まず前提条件として、モータースポーツへの考え方が根底から違うのではないかと思います。
具体的に言うと、ヨーロッパは車が主役、アメリカでは人が主役という考え方の違いこそが、レースの内容を異なるものにしているのではないかと考えています。

F1こそ違いますが、WRCも旧WECも最初はメーカータイトルのみしか設定されず、後にドライバーズタイトルが設定されています。また、F1においても速いマシンを持っていないとチャンピオンになれないという面から、車の占める比重が高いことについて否定する人はいないでしょう。最近ではIGTCなんかもそうですね。
ヨーロッパでは自動車メーカーによる技術力の誇示や、技術開発の場としてモータースポーツが存在しているフシがあります。なので、ステップアップカテゴリを除くとワンメイクレースは少ないですよね。

一方のアメリカ。トップカテゴリーであるインディやNASCARに関して、主役がドライバーなのは説明が不必要なくらい明確ですよね。両カテゴリー共にマルチメイクではありますが、そこでの差が出ないようにかなり綿密に調整してます。IMSAに関してはメーカー色がそれなりに出ていますが、それでも風洞テストを行っての性能調整を行ったり、車主体にならないようにうまくやってますよね。
アメリカも元々は車の性能を争うところから始まっていますが、そこからヨーロッパとは違う方向性へと進んでいったのは文化や性格的な部分もあるんでしょう。このあたりの何故はぜひとも調査してみたいところです。

では日本はどうかというと、明らかに前者です。メーカー対抗の色が強いGTの人気に対して、ドライバーズレースであるSFはお世辞にも大人気とは言えません。トップドライバーが揃っているのにも関わらず、です。日本のファンは明らかに欧州的なモータースポーツ観だと言えるでしょう。

なんだかここまでの書き方だと車主体の考え方を非、人主体の考え方を是としているように見えるかもしれないですが、車という機械が好きな人間からすると開発競争のあるヨーロッパ的な考え方のほうが魅力的です。ただ、日本で未だにスポーツとして認知されないのもソコに理由があるのではないかとも思います。

さて、その前提条件を踏まえた上でなぜエンタメと思われるのか、ですが、これはコーションの影響からきているのでしょう。
頻繁にイエローコーション/フルコースコーションを出すことで、独走を許さず最後まで接戦のレースをさせる。イエローを活かせたドライバーとそうでないドライバーで一発逆転のチャンスを演出する。何もなければ見えないデブリでコーションを出してします。
このような点から、スポーツというよりエンタメ、と思われているのではないでしょうか。

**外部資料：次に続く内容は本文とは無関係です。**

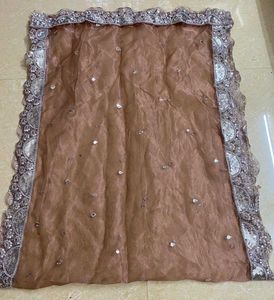 Elegant Sequin Dupatta ( Price Negotiable )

でも実は、これってかなりイメージ先行なんですよ。もちろんそういう時代もありましたが、ここ10年でかなり変わった部分だと思います。
例えばインディカー、ノーコーションで終わるレースもちょくちょくあります。また、重大なインシデントではない場合は、全車がピットに入るかどうかの選択が出来る状況を待った上で、イエローを出すようになっています。独走での優勝もかなり多く、演出過多だった以前とは全く違っています。
ここ10年のインディウィナーを見ればそれは明らかです。ワンメイクという点を除けば、F1ファンが見ても違和感を感じなくなっているのではないでしょうか。
だからといって完全にヨーロッパ的になったかと言うとそんなこともなく、残り10週でのコーションでは間に挟まった周回遅れを後ろに回して上位の直接争いをしやすくしている点や、無料のアプリで全車のテレメトリーがリアルタイムに見れる点、ラップバックする機会を設けている点など、ドライバーへのチャンスを増やしてあげたり、視聴者にをよく意識した部分だったりはしっかり残っています。
視聴者に向けたアピールという点に関しては、リバティーメディア以降のF1でも見られる部分で、F1に足りていなかった部分をうまくアメリカから取り入れた印象を受けます。
F1とインディは以前の全く別物のレースという距離感から、現在ではかなり近い位置に来ているのは、インディへどんどんヨーロッパからドライバーが入ってきているという事実がそれをよく表していますよね。
また、ハイパーカーとLMDhの相互乗り入れなんかも欧米のモータースポーツの接近の一例と言えるでしょう。ヨーロッパは技術開発競争が行き過ぎてカテゴリーが消滅するということを繰り返していますから、アメリカの性能調整をうまく行ってレースを盛り上げる方法を取り入れたいという目論見が透けて見えます。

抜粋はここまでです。